*** Begin section ***
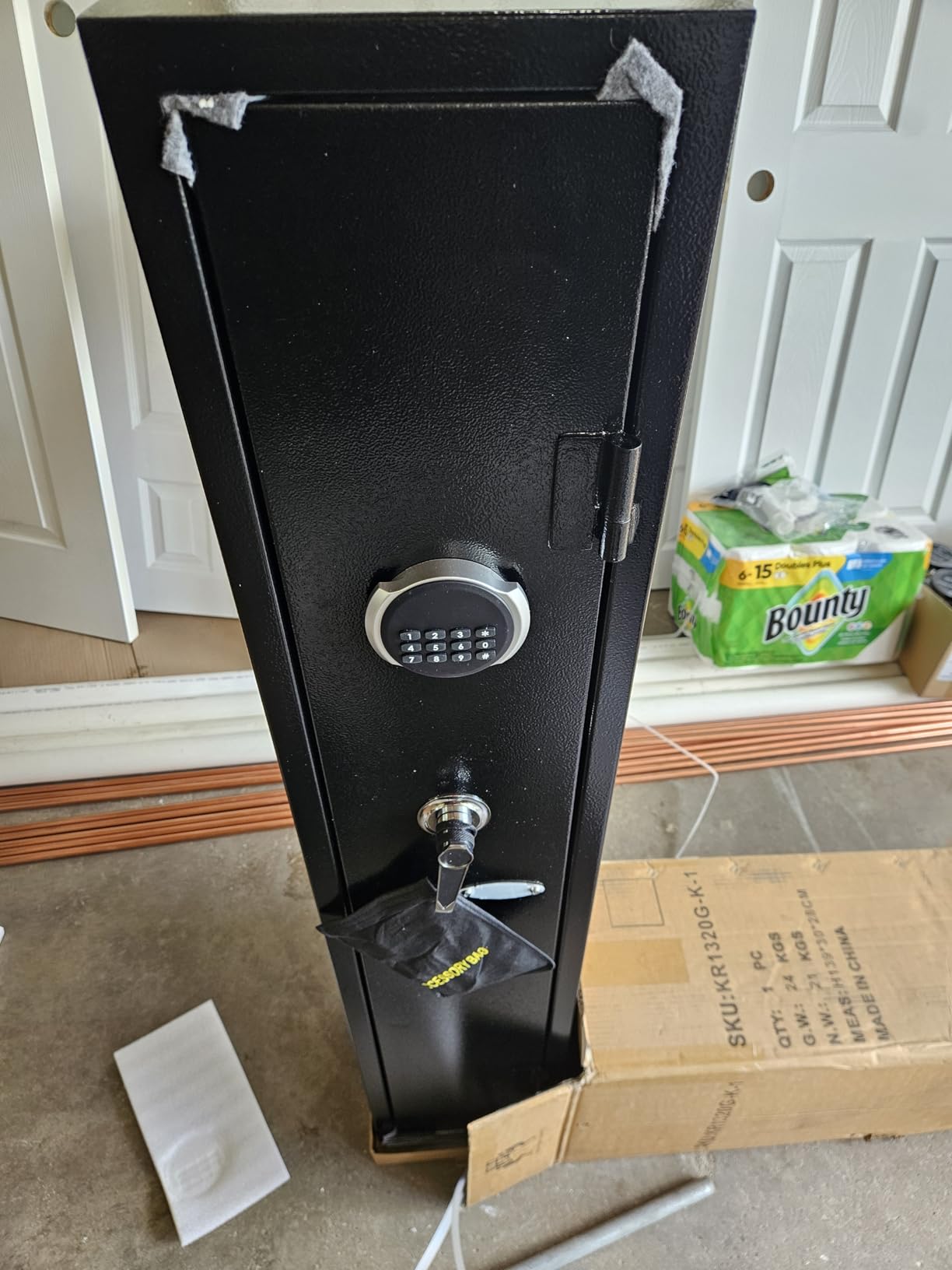 KAER 2-3 Gun Safe, Gun Safe for Rifles and Pistols, Rifle Safe, Gun Cabinet with Digital Keypad Lock, Rifle Safe with 4 Gun Slots and Pistol Pockets for Secure Storage in Garage, Bedroom, Living Room customer photo 1
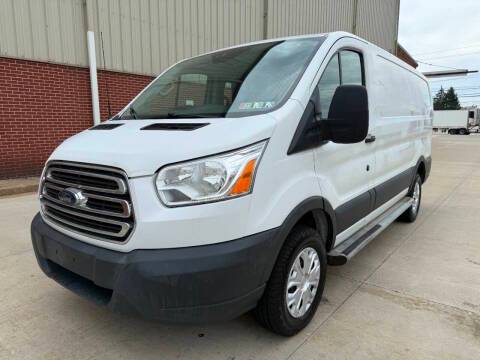2016 Ford Transit Van  RWD photo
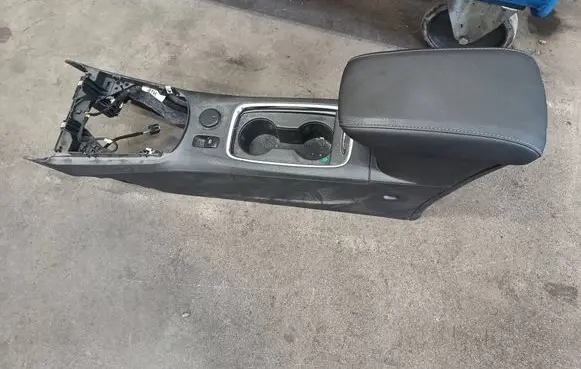 Opel Astra K Armrest 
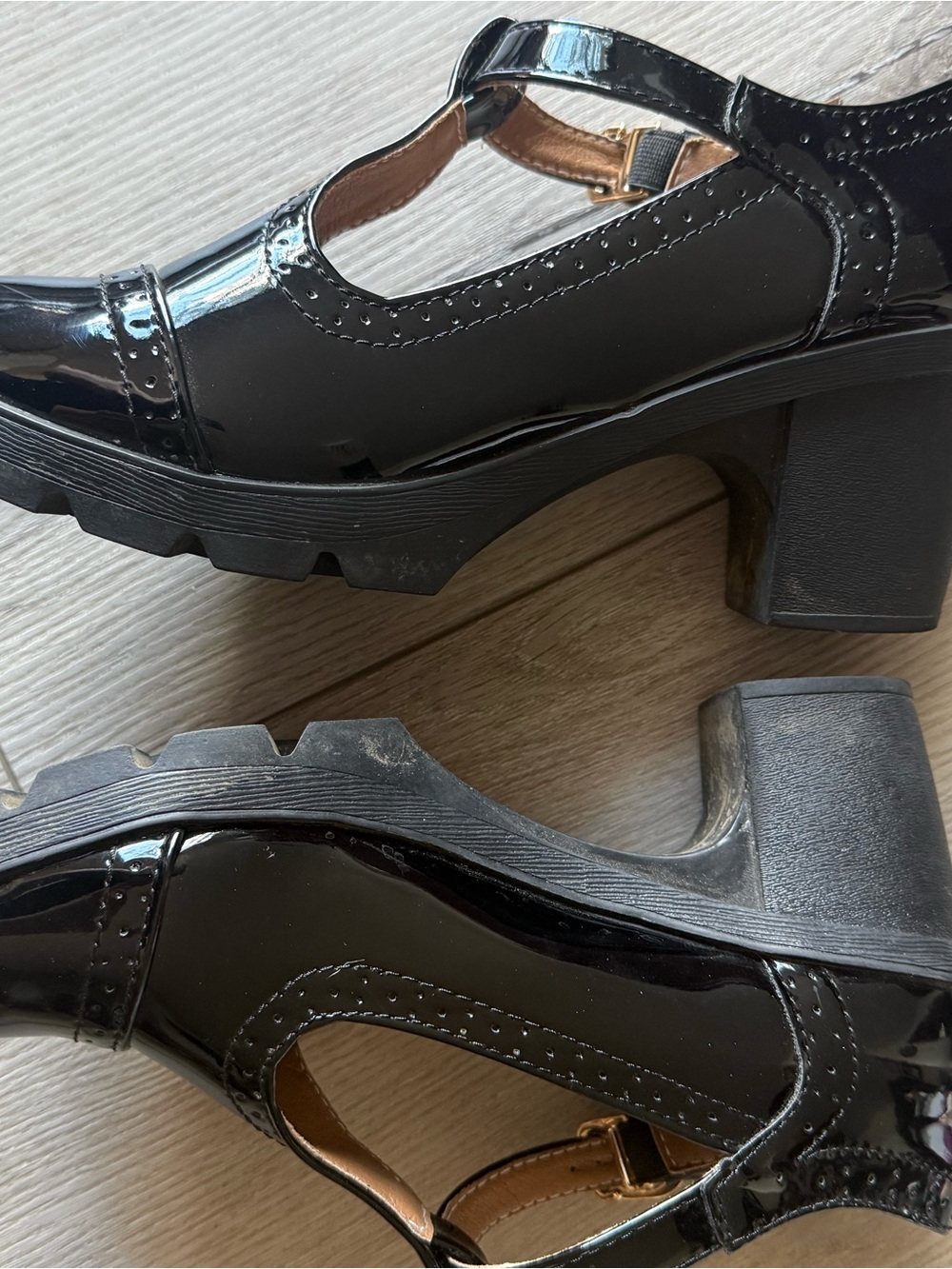 Patent T‑Strap Chunky Heel Mary Jane in Black - Picture 5 of 7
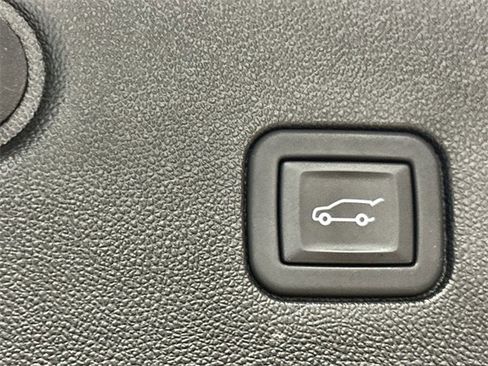 Used 2023 Chevrolet Equinox LT image 34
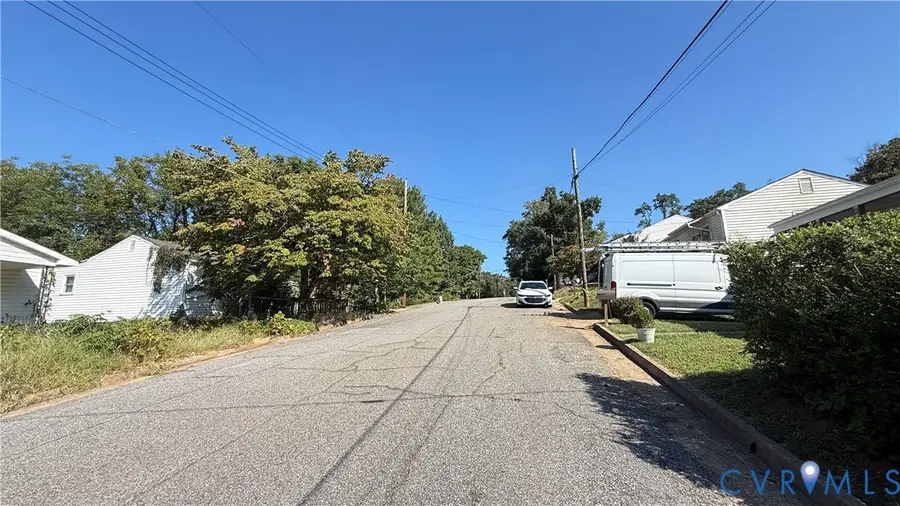 709 4th Street, Martinsville, VA 24112 - #2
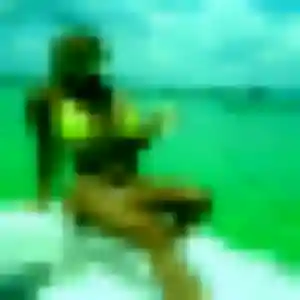Photo privée de Safiya, 25 ans à Candas - rencontre sans lendemain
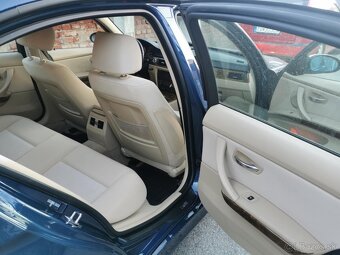 Predám BMW 318i e90, 1995cm3, 95kw benzin, modrá metalíza, n - 6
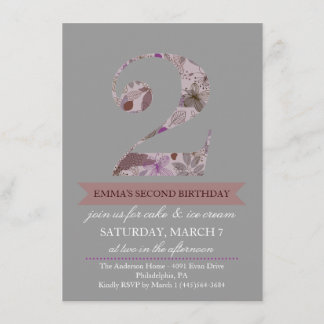 Invitación de cumpleaños floral gris y púrpura dos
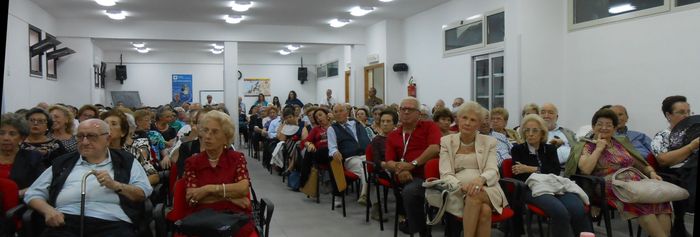 Immagine riferita a: Analisi di un poeta: Giacomo LeopardiLa sala durante la relazione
*** End section ***
What you need to do
Exactly those lines that run from the line holding "Used 2023 Chevrolet Equinox LT image 34" to the end of the listing above, both included, are to be reproduced, with pictures left out.

Your response
 Used 2023 Chevrolet Equinox LT image 34
 709 4th Street, Martinsville, VA 24112 - #2
Photo privée de Safiya, 25 ans à Candas - rencontre sans lendemain
 Predám BMW 318i e90, 1995cm3, 95kw benzin, modrá metalíza, n - 6
 Invitación de cumpleaños floral gris y púrpura dos
 Immagine riferita a: Analisi di un poeta: Giacomo LeopardiLa sala durante la relazione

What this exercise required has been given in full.